The study team hired community healthcare representatives to collect the data, a process that was made transparent. “We jumped on the radio to answer community questions,” he said, adding that they also worked with local youth and artists, to co-develop educational knowledge translation materials, which were culturally relevant to the communities.

Amy Cardinal-Christianson, Indigenous Fire Specialist at the Parks Canada Agency, offered a set of personal insights to improve the experience of federal Indigenous employees, as well as how to respectfully and thoughtfully work with Indigenous communities and people:

  • Ensure elders are paid for their time and involvement, as well as supporting them with the courtesy of helping to fill out honorarium invoices.
  • Hire Indigenous staff in cohorts that can collaborate and support one another. This approach prevents burn-out, which can happen when there are few Indigenous federal staff in relationship-building, committees, and other reconciliation activities.
  • Extend funding commitments beyond five years, which is necessary to build and maintain long-term relationships with Indigenous communities.  
  • Create long-term Indigenous advisory committees, to evaluate and approve Indigenous programs and funding, rather than leaving this responsibility with non-Indigenous public servants.

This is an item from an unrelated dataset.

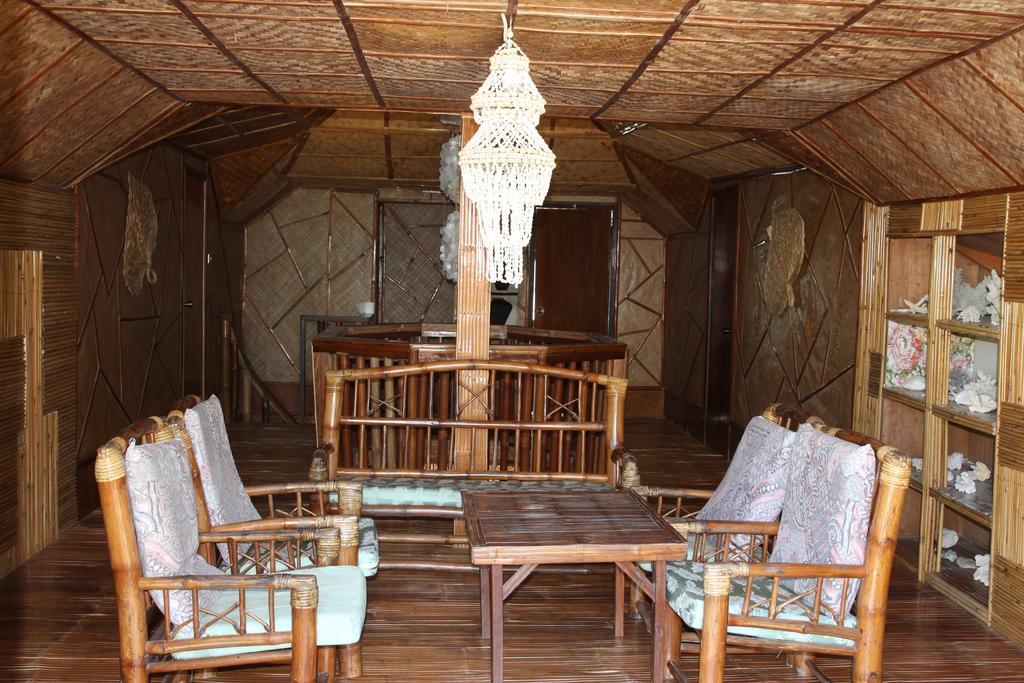 Bamboo House Beach Lodge & Restaurant Пуэрто-Галера Экстерьер фото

New research, scoring aquatic research and monitoring in Canada on its engagement with Indigenous communities — including levels and quality of Indigenous participation — builds on work in the area of “ethical space.” According to Steven Alexander, Science Advisor, Department of Fisheries and Oceans Canada, ethical space is “an emerging practice that enables respectful engagement between and amongst indigenous people's, non-indigenous peoples and the natural world, and is a potentially transformative approach to working across multiple ways of knowing.”

He added that success does not always follow directly from best practices, but Alexander insisted that continued practice, and being attuned to context, hones and improves any skill.

Kyle Bobiwash, from the Office of the Chief Science Advisor at the University of Manitoba, asked the audience to consider how we think about Indigenous science and relationships with nature.

“The publish-or-perish model that we’ve all been living in, that's probably antiquated and not going to do the job,” he said. “But this publish-and-flourish model — where we’re promoting collaboration and making sure that marginalised and non-represented people are involved — it has the elements that are going to drive true change and potentially the reconciliation we want.”